Eu diria que há uma dupla faceta. Por um lado, eu acho que a literatura pode ser vista
quase como uma ciência social e humana. Nesse sentido, podia estar quase ao lado
das psicologias, das sociologias ou das antropologias, porque, por exemplo, quando
um romancista coloca personagens em movimento, de alguma maneira, faz uma
espécie de experiência social. Enfim, quem gosta de sociologia… A sociologia,
a psicologia… vivem muito de experiências sociais.
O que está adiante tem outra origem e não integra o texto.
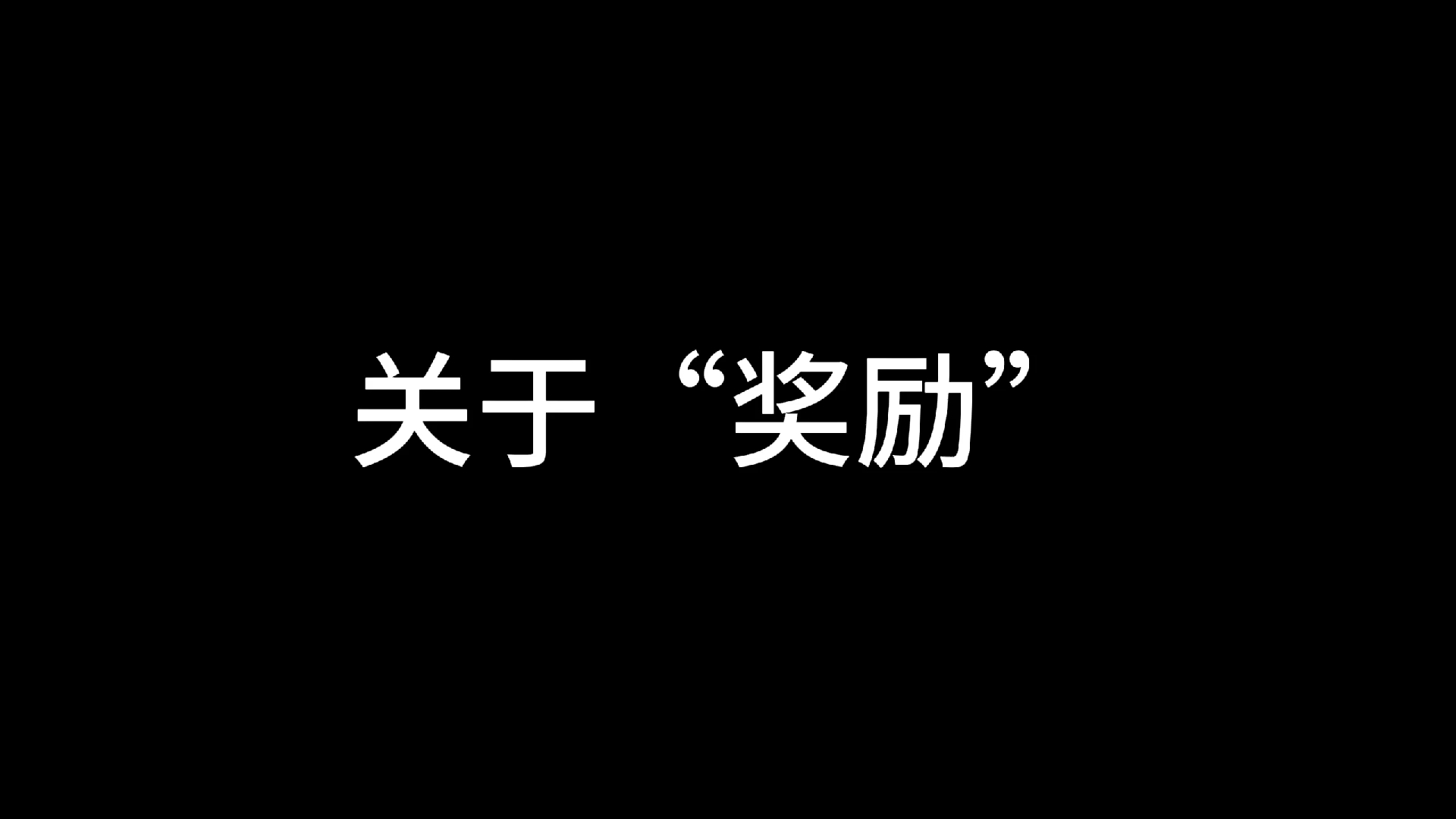 大家猜猜粟粟说的奖励是什么?哔哩哔哩bilibili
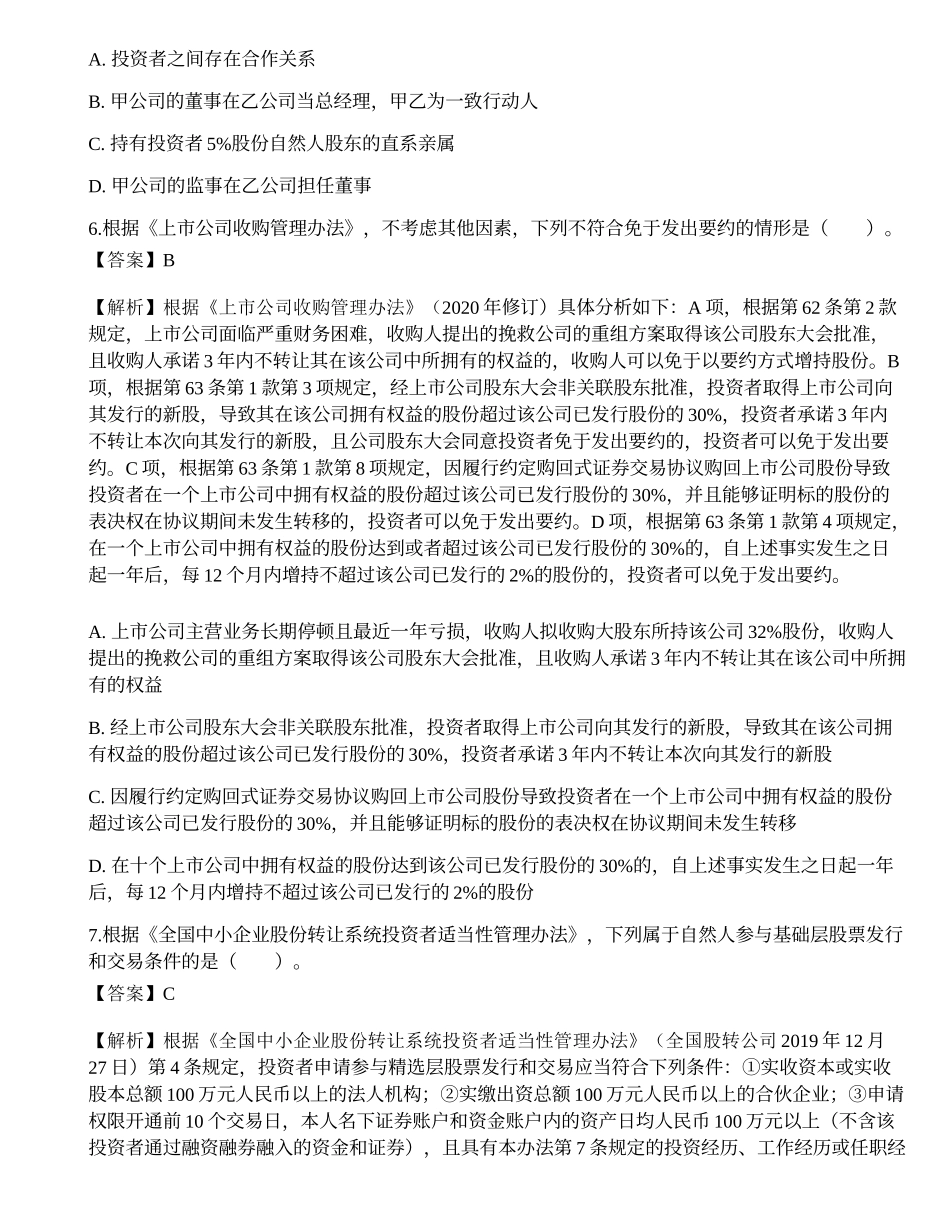 2020年9月保荐代表人考试《投资银行业务》真题精选.docx_第3页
Agora, por exemplo, há um filme à
volta de uma experiência de um cientista americano… que fez uma experiência depois
do Holocausto, em que convidava universitários americanos para ver até que ponto
eles, obedecendo a ordens, iriam fazendo um choque elétrico cada vez mais intenso.
E eu acho que a literatura é um pouco isso, com a vantagem de não ter, digamos, pelo
menos no imediato… de não matar ninguém, não pôr em risco ninguém, etc. Mas é
uma experiência social no sentido em que muitas vezes se pensa «E se?». E se esta
pessoa, com estas características, se cruzar com esta? O que é que pode acontecer?
É um pouco quase como um químico que junta sódio e cloreto e vê o que é que vai
resultar. Resulta cloreto de sódio, se for…
E de alguma maneira, por exemplo, estou a pensar no [meu] último… um livro recente,
que é Uma menina está perdida no seu século à procura do pai, que é sobre uma
menina com trissomia 21. Olhando agora posteriormente para aquilo, o que eu sinto
é… Não foi de uma forma voluntária nem consciente, mas era um pouco como: «E se
uma menina com trissomia 21, com 14 anos, estivesse perdida numa cidade onde não
conhece ninguém e estivesse à procura do pai? O que é que poderia acontecer?»
Portanto, esta questão do «e se?», de pôr uma hipótese, é quase um método científico
de alguma maneira. Depois, o que vem a seguir, eu acho que é talvez o mais
estimulante na literatura, é que realmente não se chega a uma conclusão, não se
chega a um resultado, não se chega ao cloreto de sódio, felizmente. Chega-se a
qualquer coisa que é estranha.
1
Que pode ocupar o mesmo patamar [termo do português do Brasil].